I suppose I could have chosen angular with ngrx or mobx. Indeed, I seriously considered mobx over redux. The reason I picked redux was primarily its popularity. I like the fact that mobx and ngrx use Observables under the hood. Redux is basically just a dispatch + reducer function. Also, to do a lot of things, you need to use extra libraries like redux-thunk or redux-saga. One of the criticisms I heard about mobx however was it was a little too “black box” which is something I am not a big fan of.

Another reason for redux and react is just the level of documentation and tooling. There are tons and tons of tools and articles, books or other documentation on how to use them. I’ve never been a big fan of using a tool just because it is popular. That being said, react and redux aren’t bad, and I think by using it, it will help more people understand khadga and how to create your own mixed typescript and webassembly applications.

I also felt that by doing the front end in react+redux, it would make it easier for others to see how to slowly update their own existing front end applications. It’s great when you have a brand new toy to play with from a clean slate, but in the real world, this is a relatively rare event.

Lastly, the fewer new elements that readers or contributors (or myself for that matter) have to learn, the better. It’s hard enough picking up rust. Add in writing a web service, front end frameworks, machine learning with tensorflow, mongodb integration, etc etc, and this becomes a very time consuming and difficult task.

The path less traveled

To be honest, a big reason in choosing react and redux is that I have invested too much time in somewhat esoteric technologies, and I want to get better at something more mainstream.

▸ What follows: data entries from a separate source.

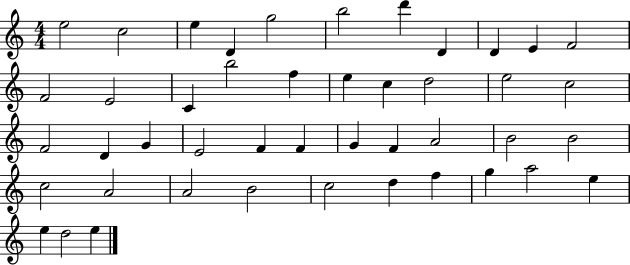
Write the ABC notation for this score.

X:1
T:Untitled
M:4/4
L:1/4
K:C
e2 c2 e D g2 b2 d' D D E F2 F2 E2 C b2 f e c d2 e2 c2 F2 D G E2 F F G F A2 B2 B2 c2 A2 A2 B2 c2 d f g a2 e e d2 e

I’ve spent most of my career on somewhat obscure technologies. While I have touched on things like front end web work (I know what CSS selectors are, how to dynamically add to the DOM, use the dev tools in the browser to inspect the network and DOM, etc etc), a lot of that was more from a testing perspective. The same is true of databases. I haven’t done any serious SQL since 2012, and even that wasn’t very heavy duty or for very long. I remember writing a few inner joins and elimination of cross products in queries. The only ORM I ever used was SQLalchemy to interface some python with our MySQL database.

Even my interest in fringe computer languages means that a lot of my skill sets are not seen as pragmatic or usable to some. I spent probably a good year and a half banging my head against the wall learning haskell and purescript in my spare time. While it was definitely a very interesting experience and it has helped me tremendously. I think it’s why I found rust relatively easy to learn compared to others who struggle either with the advanced type system, or for those who never wrote any C++ and don’t understand RAII concepts. Clojure and lisps in general are another example. It took me awhile to truly grok lisps, and then I spent about 2 years coding a fair deal in clojure.

When I first started learning about reactive programming, I was like, wow, how come we haven’t been doing this before? When I first got to Netflix, I thought that because Ben Lesh worked at Netflix and was the primary maintainer of rxjs, that I would be able to use lots of rxjs (I had been using a lot of RxJava at Red Hat along with vertx). Turns out that at least two teams there didn’t like it. They felt it was too complicated and hard to follow. I was the exact opposite and found the pipeline of composition of rxjs operators to be very natural. But because many programmers are not that strong in FP they found it harder to understand. So once again, I found myself being one of the only people in a team who wanted to use a fringe technology.

Was it worth it?

But, now I am not doing haskell, purescript, or clojure and as a consequence my ability to do them is rusting away. But, what I have not lost, is the principles and ideas.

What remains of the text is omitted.